By Max Poorthuis · July 7, 2017
The Netherlands American Cemetery is located on the beautiful hills just six miles east of Maastricht, The Netherlands. It is the only American military cemetery in the country, and it is often called “Margraten,” after the nearest village. Here rest 8,301 American servicemen and servicewomen. In addition to those who rest here, the names of 1,722 soldiers are chiseled into the Walls of the Missing. Most of these soldiers were killed in action either during the airborne and ground operations to liberate eastern Holland or during the advance into Germany. It was at this cemetery, shortly after it was erected in 1945, that people began tending the graves of American soldiers. This was the start of a phenomenon that can be found nowhere else in the world on such a large scale.

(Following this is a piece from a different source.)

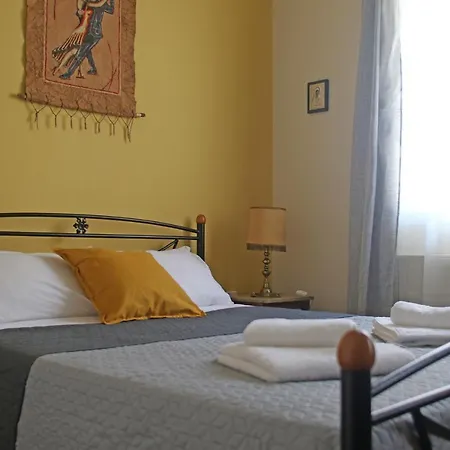 Holiday Home Casa vacanze *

The original idea of adopting the graves of the American liberators came from a local pastor and a city clerk in February of 1945. Soon after, a committee was created “to do as much as is currently possible for the fallen allied soldiers.” At the second Memorial Day service in 1946, every grave in Margraten was adopted. Today, some 70 years later, all 8,301 graves are still adopted by a Dutch, Belgian or even German family, as are all the names on the Walls of the Missing. There is even a waiting list for the many people who want to adopt a grave as soon as one becomes available. Other overseas American cemeteries now have similar adoption programs, but Margraten is the only one where each grave has a caretaker and a waiting list.